*** Begin section ***

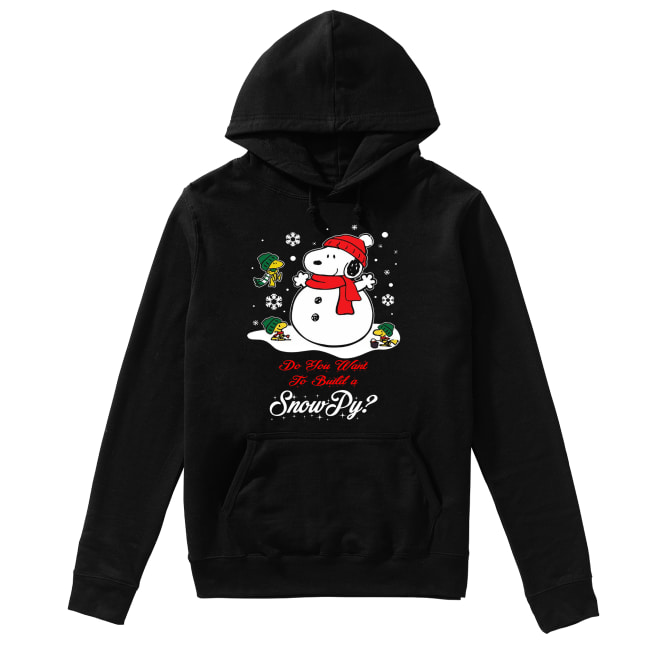 Snowman Snoopy Snowpy Christmas Unisex Hoodie
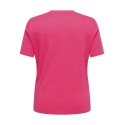 ONLY CARMAKOMA Jenny kortærmet t-shirt - Raspberry Granada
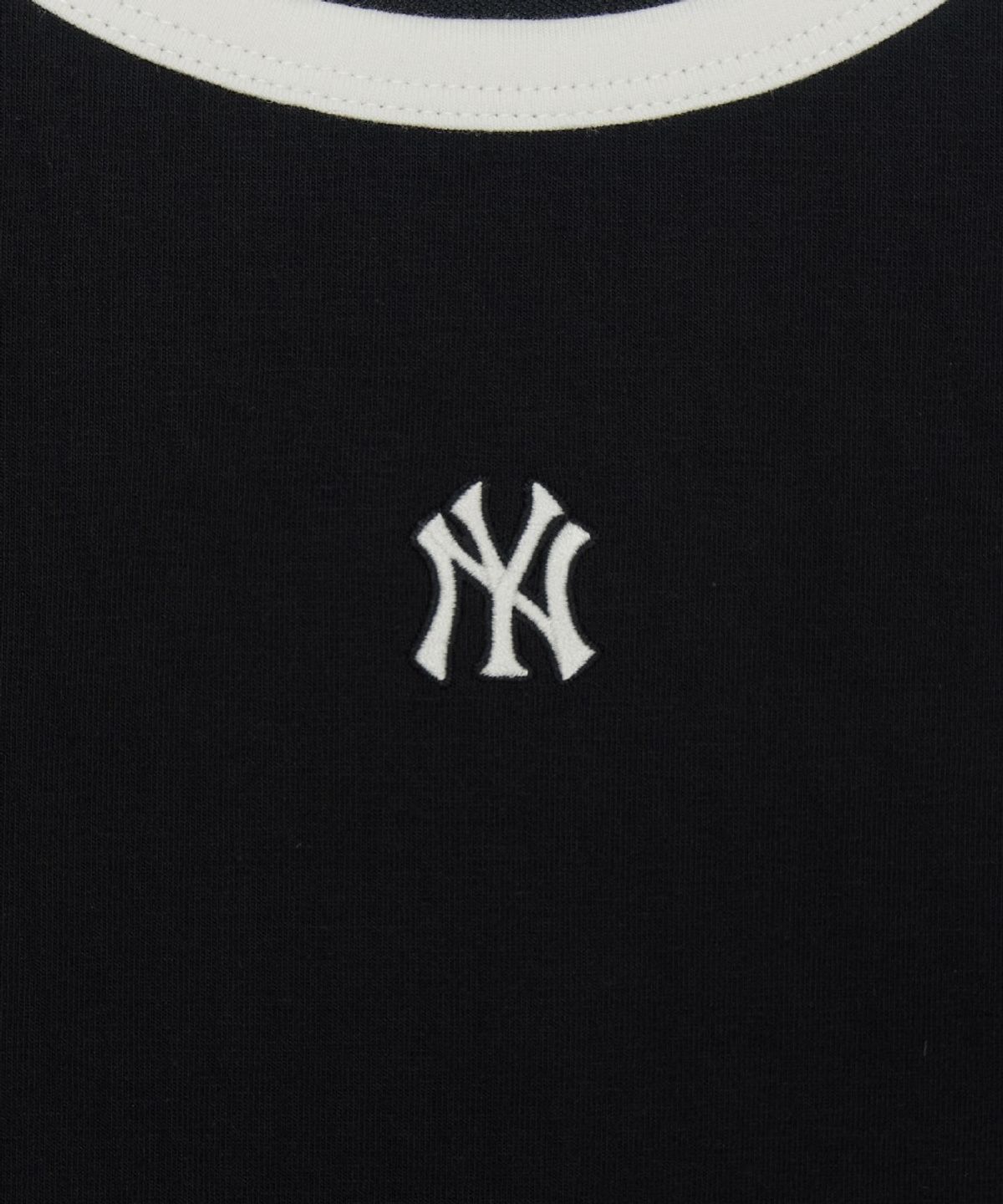 엠엘비(MLB) 여성 베이직 링거 크롭 나시 티셔츠 NY (Black)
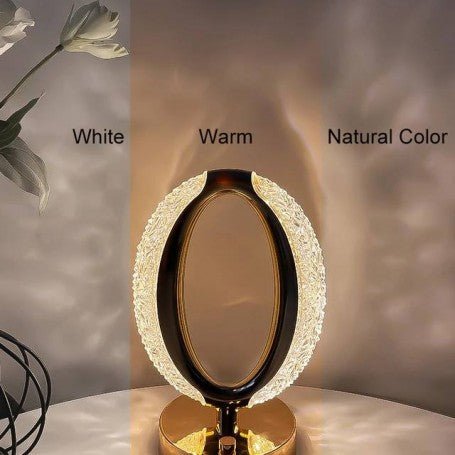 Oval Led Touch Rechargeable Lamp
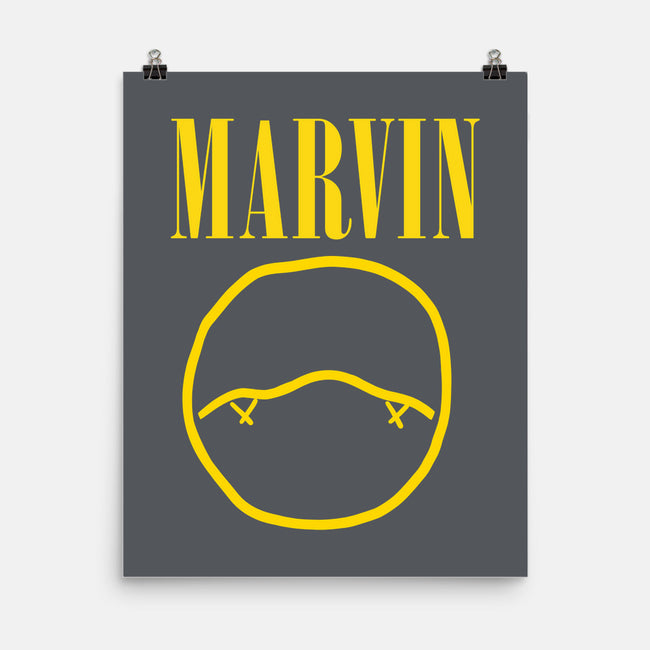 Marvin-A-none matte poster-zachterrelldraws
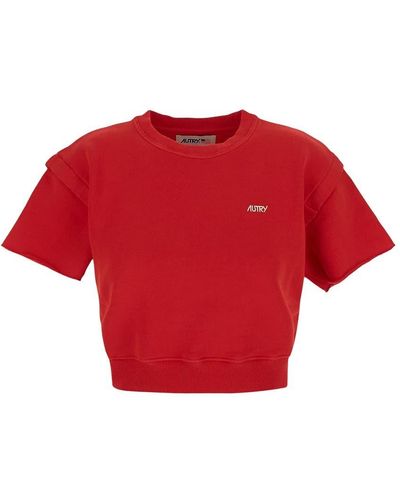 Autry Cotton Sweatshirt - Red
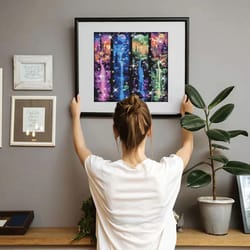 moon & castle diamond painting kit for beginners – diy craft ornament with full drill, wall art decoration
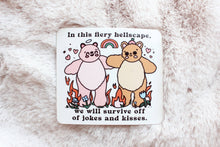 Load image into Gallery viewer, Fiery Hellscape Sticker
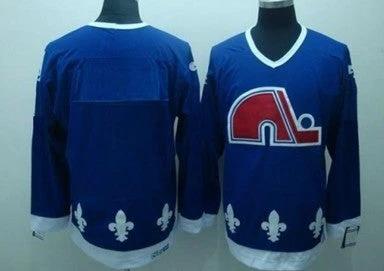 Quebec Nordiques Customized Blue CCM Jersey by Hockey David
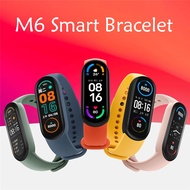 ❂❆┋ 2021 New M6 Smart Bracelet Watch Fitness Tracker Heart Rate Blood Pressure Monitor Color Screen IP67 Waterproof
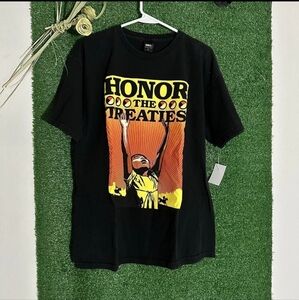 Shepard Fairey Obey Awareness Honor The Treaties Graphic Tee-shirt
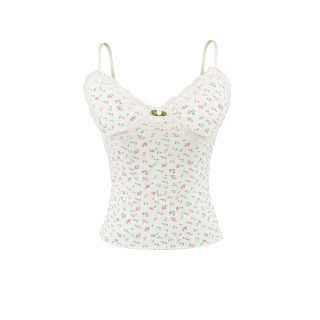 V-Neck Floral Lace Camisole | Summer Ruffled Bodycon Top 3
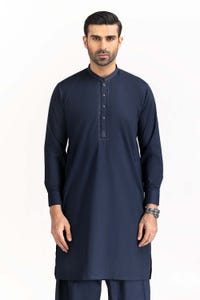 UAE -Navy Blue Embroidered Suit SK-E22-031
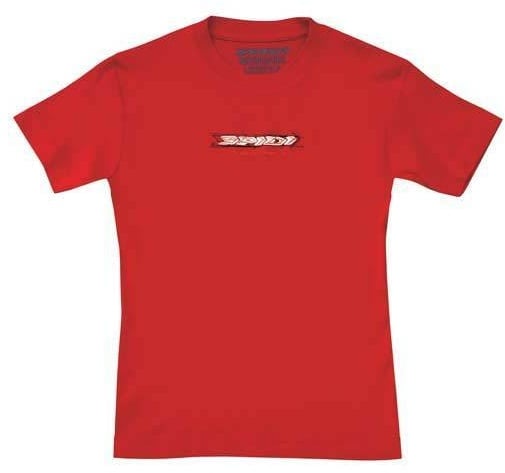 Spidi Sketch T-Shirt dames, rood, L Voorvrouw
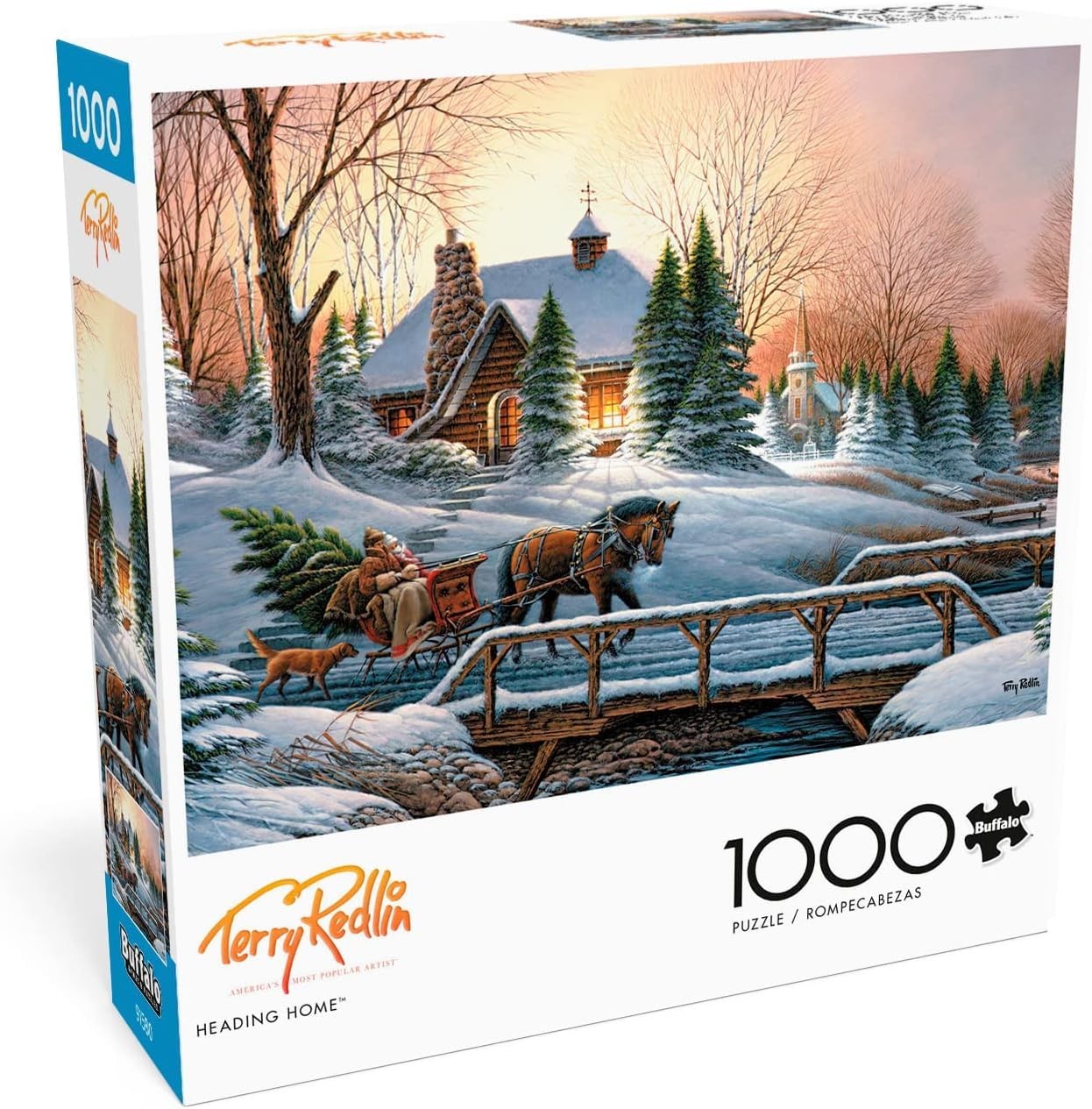 Buffalo Games - Heading Home - 1000 Piece Jigsaw Puzzle for Large, Multicolor Buffalo Games - Heading Home - 1000 Piece Jigsaw Puzzle for Large, Multicolor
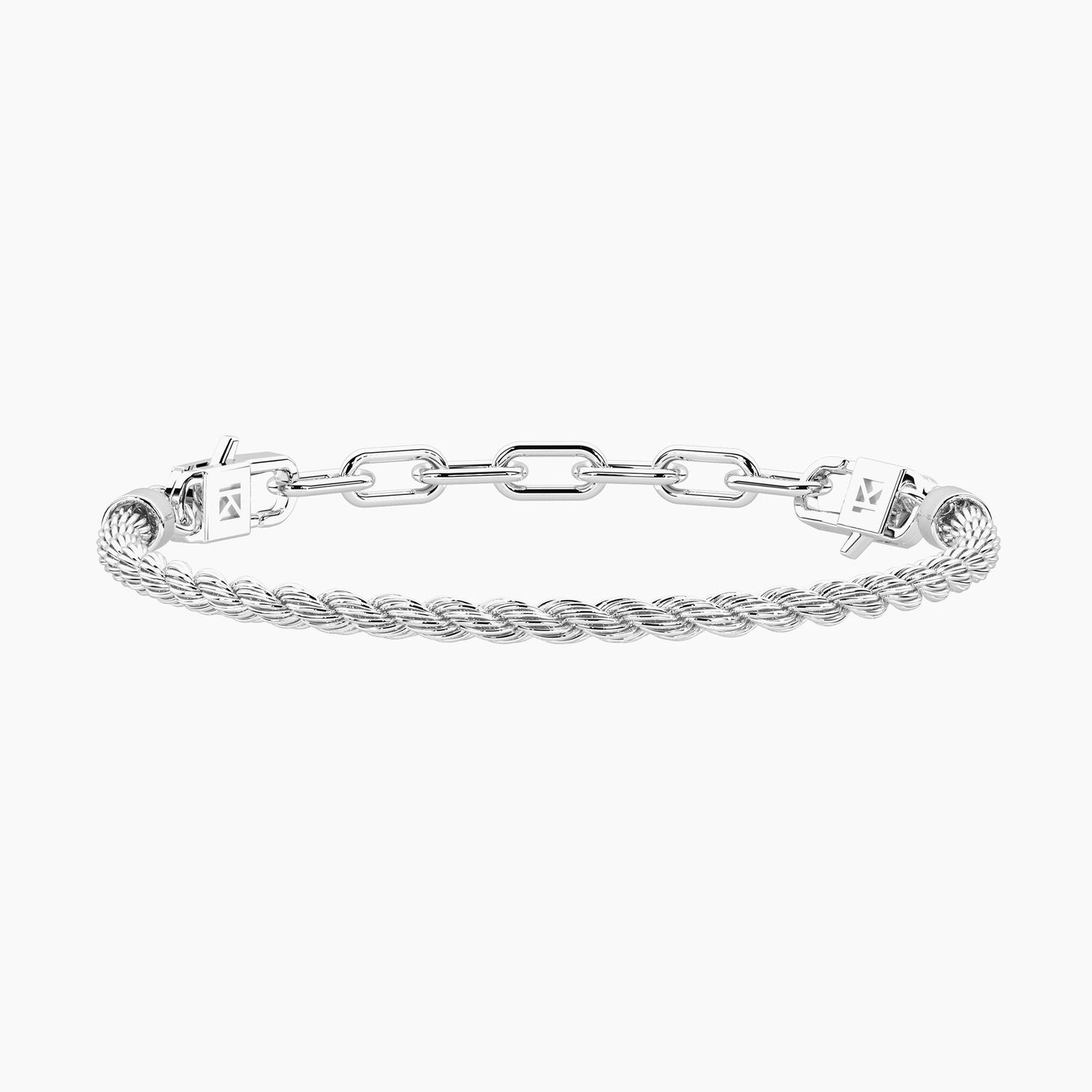 Bracciale componibile con catena corda Kidult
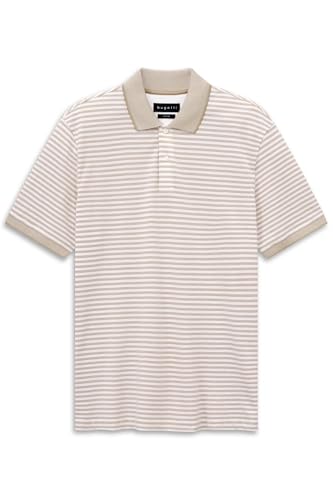 bugatti Herren Poloshirt Modern Fit aus Baumwoll-Mix mit Streifenmuster von bugatti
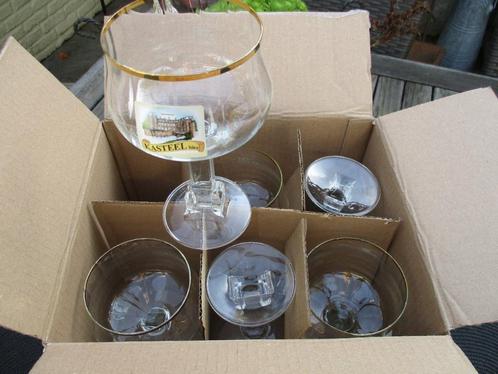 6 Kasteelbier glazen 33cl Nieuw, Verzamelen, Glas en Drinkglazen, Nieuw, Bierglas, Ophalen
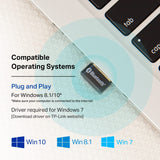 TP-Link USB Bluetooth Adapter for PC, 5.0 Bluetooth Dongle Receiver (UB500) Supports Windows 10/8.1/7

*** End section ***

*The problem*:
The entries above need an exact copy without their pictures.

*Response*:
 Snowman Snoopy Snowpy Christmas Unisex Hoodie
 ONLY CARMAKOMA Jenny kortærmet t-shirt - Raspberry Granada
 엠엘비(MLB) 여성 베이직 링거 크롭 나시 티셔츠 NY (Black)
 Oval Led Touch Rechargeable Lamp
 Marvin-A-none matte poster-zachterrelldraws
 Autry Cotton Sweatshirt - Red
 moon & castle diamond painting kit for beginners – diy craft ornament with full drill, wall art decoration
 Load image into Gallery viewer, Fiery Hellscape Sticker
 Quebec Nordiques Customized Blue CCM Jersey by Hockey David
 ❂❆┋ 2021 New M6 Smart Bracelet Watch Fitness Tracker Heart Rate Blood Pressure Monitor Color Screen IP67 Waterproof
 Shepard Fairey Obey Awareness Honor The Treaties Graphic Tee-shirt
 V-Neck Floral Lace Camisole | Summer Ruffled Bodycon Top 3
 UAE -Navy Blue Embroidered Suit SK-E22-031
 Spidi Sketch T-Shirt dames, rood, L Voorvrouw
 Buffalo Games - Heading Home - 1000 Piece Jigsaw Puzzle for Large, Multicolor Buffalo Games - Heading Home - 1000 Piece Jigsaw Puzzle for Large, Multicolor
 Bracciale componibile con catena corda Kidult
 bugatti Herren Poloshirt Modern Fit aus Baumwoll-Mix mit Streifenmuster von bugatti
 6 Kasteelbier glazen 33cl Nieuw, Verzamelen, Glas en Drinkglazen, Nieuw, Bierglas, Ophalen
 TP-Link USB Bluetooth Adapter for PC, 5.0 Bluetooth Dongle Receiver (UB500) Supports Windows 10/8.1/7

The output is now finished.